• [ABOUT THIS EXERCISE] Reproduce nothing beyond the line containing "Set gommapiuma sagomata". From the first line of the data below down to it, copy each line exactly, without the pictures.

• [PROVIDED MATERIAL]
----

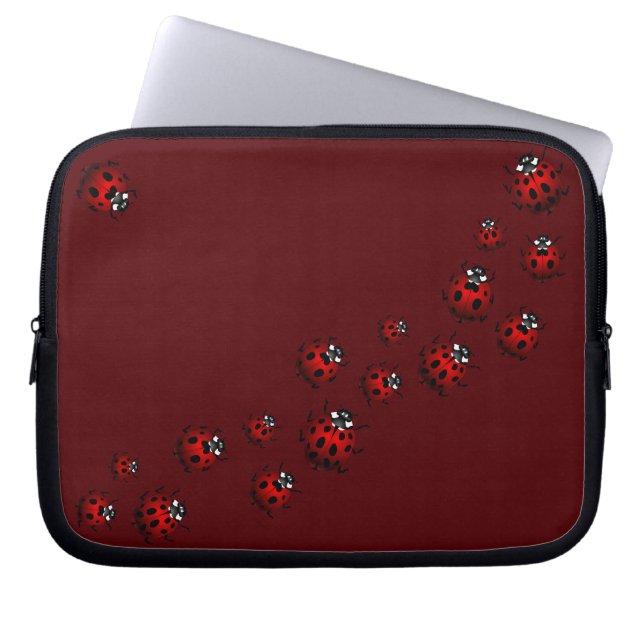 Ladybug Laptop Sleeve Ladybird Tablet Hüllen (Vorderseite)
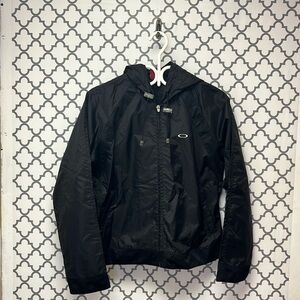 OAKLEY women's outwear windbreaker black jacket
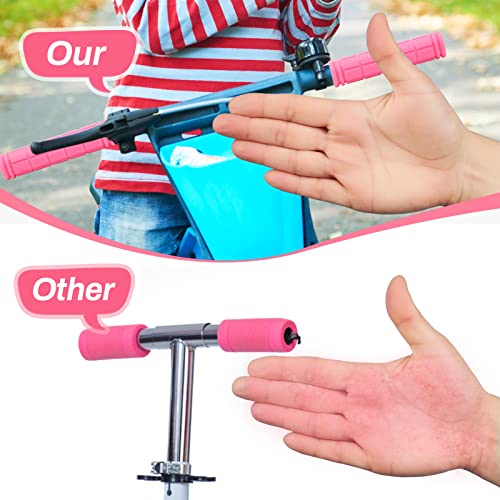 Non-Slip Rubber Bike Handlebar Grips - Pink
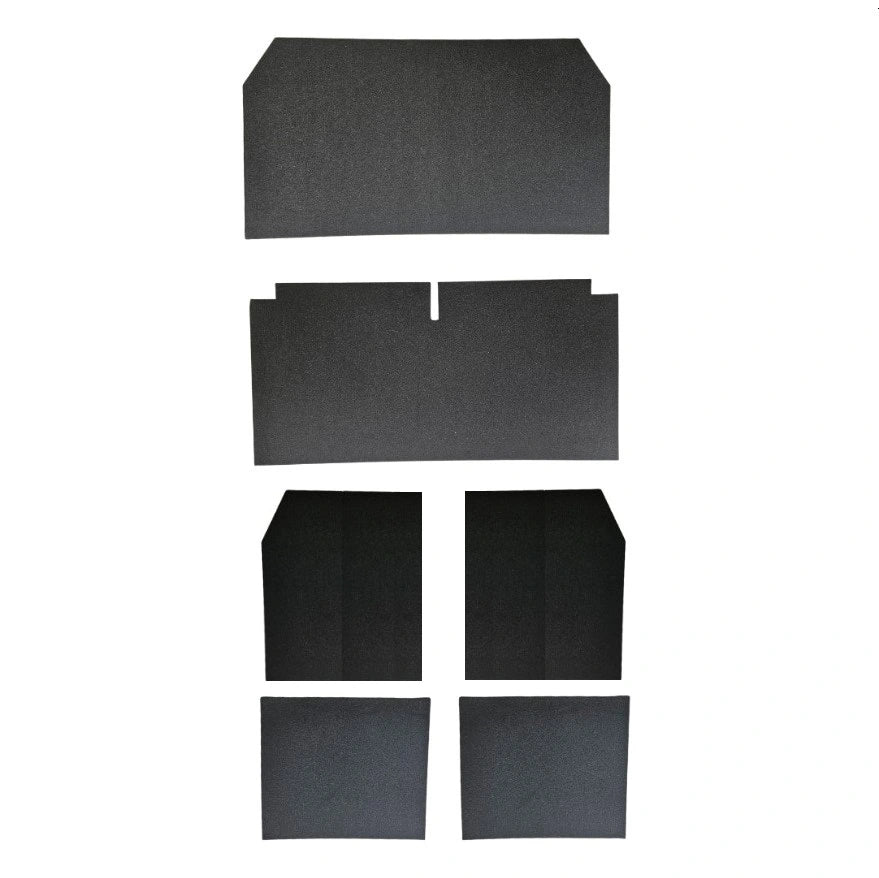 Set gommapiuma sagomata per sedili anteriori con schienale ad angolo retto e panca posteriore Citroen 2CV Dyane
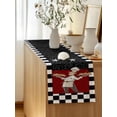 thumbnail image 5 of Table Runner 120 Inches Long for Kitchen Dining, Chef Dresser Scarf Farmhouse, Dining Table Decorations for Wedding/Parties, Cartoon Cute Watercolor Cooking Red Black 13 x 120 In, 5 of 8
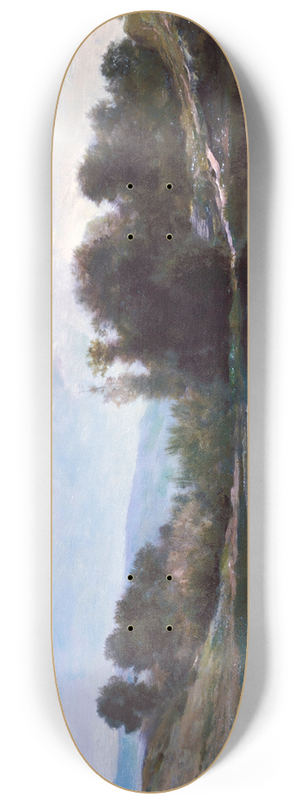 Charles Franois Daubigny - Pond at Gylieu 8.25 inch art skate deck Charles Franois Daubigny - Pond at Gylieu 8.25 inch art skate deck
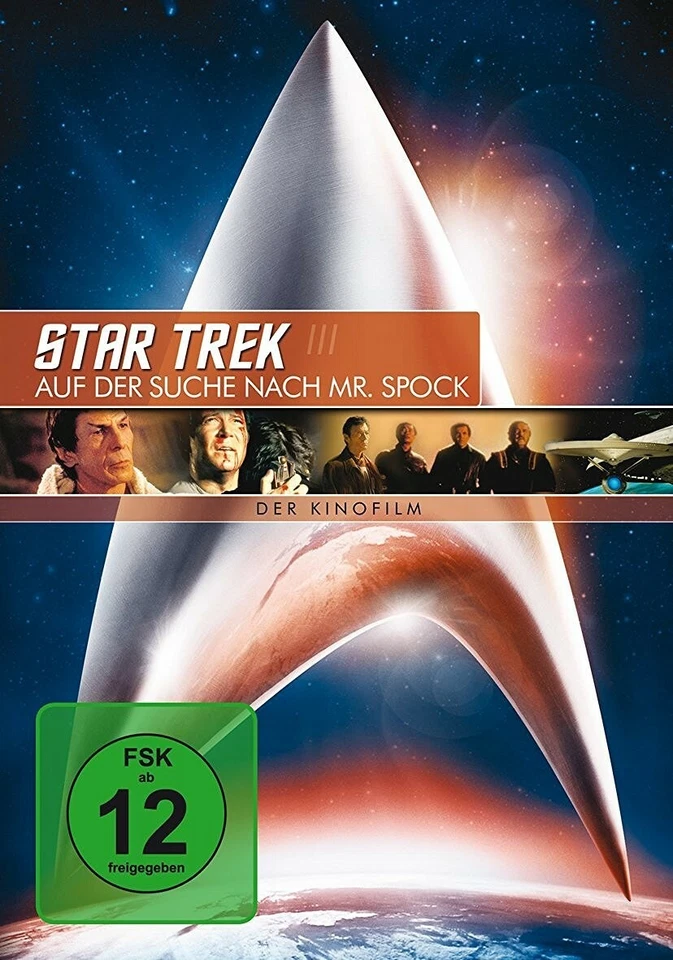 STAR TREK 3 - SUCHE NACH MR.SPOCK (RE)  DVD NEW  LEONARD NIMOY/WILLIAM SHATNER - Image 1 of 1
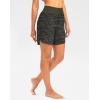 imageG Gradual Womens 7quot Quick Dry High Waisted Swim Board Shorts with Zipper Pockets UPF 50 Beach Shorts for Women with LinerGreen Camo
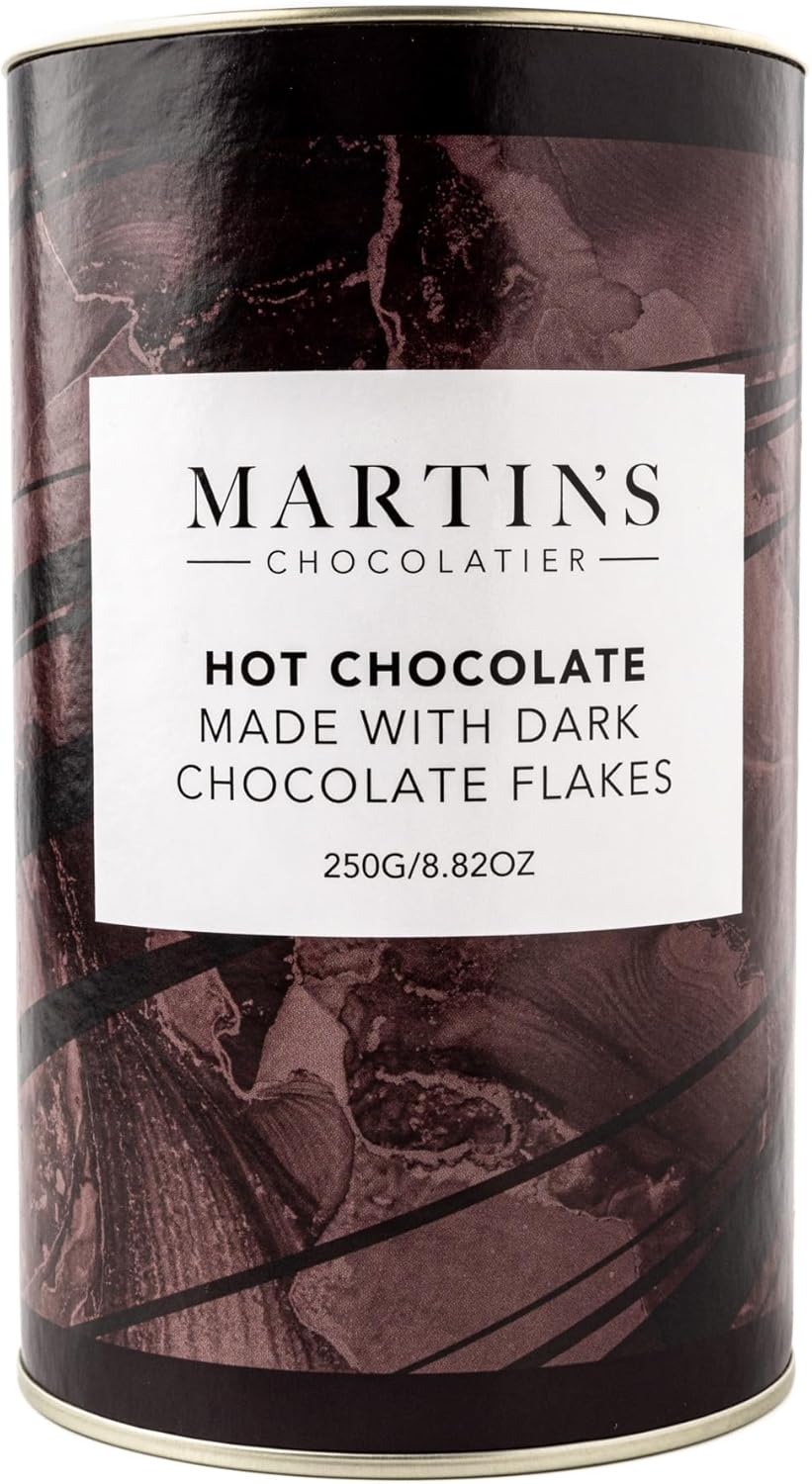 Martins Chocolatier Dark Chocolate Flakes | Luxury Hot Drinking Chocolate Made f...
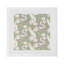 Serviettes de table en satin de coton Peony Inspira-50817825
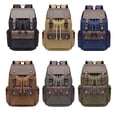 thumbnail image 4 of Minnieouse Mochila duradera para hombre con gran capacidad y exquisita artesanía Mochila de gran capacidad Mochilas gris, 4 of 6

----

• [TASK OUTPUT]
 Ladybug Laptop Sleeve Ladybird Tablet Hüllen (Vorderseite)
 OAKLEY women's outwear windbreaker black jacket
 Non-Slip Rubber Bike Handlebar Grips - Pink
 Set gommapiuma sagomata per sedili anteriori con schienale ad angolo retto e panca posteriore Citroen 2CV Dyane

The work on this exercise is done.